GPUs were designed for graphics, not AI. It was a "twist of fate" that their massively parallel architecture suited AI workloads. Chips designed from scratch for AI would be much more efficient, opening the door for new startups to build better, more specialized hardware and challenge incumbents.
The current GPU shortage is a temporary state. In any commodity-like market, a shortage creates a glut, and vice-versa. The immense profits generated by companies like NVIDIA are a "bat signal" for competition, ensuring massive future build-out and a subsequent drop in unit costs.
The cost of AI, priced in "tokens by the drink," is falling dramatically. All inputs are on a downward cost curve, leading to a hyper-deflationary effect on the price of intelligence. This, in turn, fuels massive demand elasticity as more use cases become economically viable.
Unlike electricity or the internet itself, which required massive physical infrastructure build-outs over decades, AI can be "downloaded" instantly by 5+ billion people. The internet acts as a pre-built carrier wave, enabling a rate of adoption never before seen in technological history.
Big tech companies are offering their most advanced AI models via a "tokens by the drink" pricing model. This is incredible for startups, as it provides access to the world's most magical technology on a usage basis, allowing them to get started and scale without massive upfront capital investment.
Andreessen argues that Silicon Valley's core strength is not any specific technology, but its unique ecosystem for recycling talent and capital from previous cycles into new ones. This creates the critical mass and enthusiasm needed for each technological revolution, like AI, to take off.
Marc Andreessen observes that once a company demonstrates a new AI capability is possible, competitors can catch up rapidly. This suggests that first-mover advantage in AI might be less durable than in previous tech waves, as seen with companies like XAI matching state-of-the-art models in under a year.
The naive view is that lower prices are always better for customers. However, higher prices generate higher margins, which can be reinvested into R&D. This allows the vendor to improve the product much faster, ultimately delivering more value and making the customer better off than with a cheaper, stagnant product.
While the most powerful AI will reside in large "god models" (like supercomputers), the majority of the market volume will come from smaller, specialized models. These will cascade down in size and cost, eventually being embedded in every device, much like microchips proliferated from mainframes.

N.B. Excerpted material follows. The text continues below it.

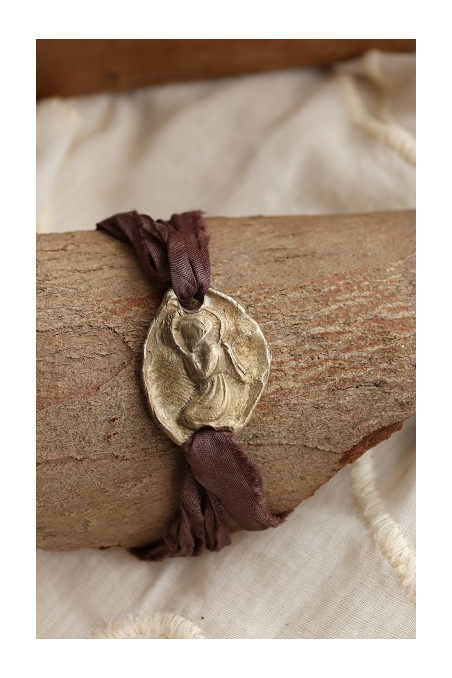 Pulsera rústica del Angelito de la Guarda en latón. Hecha artesanalmente por Sandra Bellew.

The emergence of high-quality, open-source AI models from China (like Kimi and DeepSeek) has shifted the conversation in Washington D.C. It reframes AI development from a domestic regulatory risk to a geopolitical foot race, reducing the appetite for restrictive legislation that could cede leadership to China.
The EU's AI Act has been so restrictive that it has largely killed native AI development in Europe. The regulation is so punitive that even major American companies like Apple and Meta are choosing not to launch their leading-edge AI capabilities there, demonstrating the chilling effect of preemptive, overbearing regulation.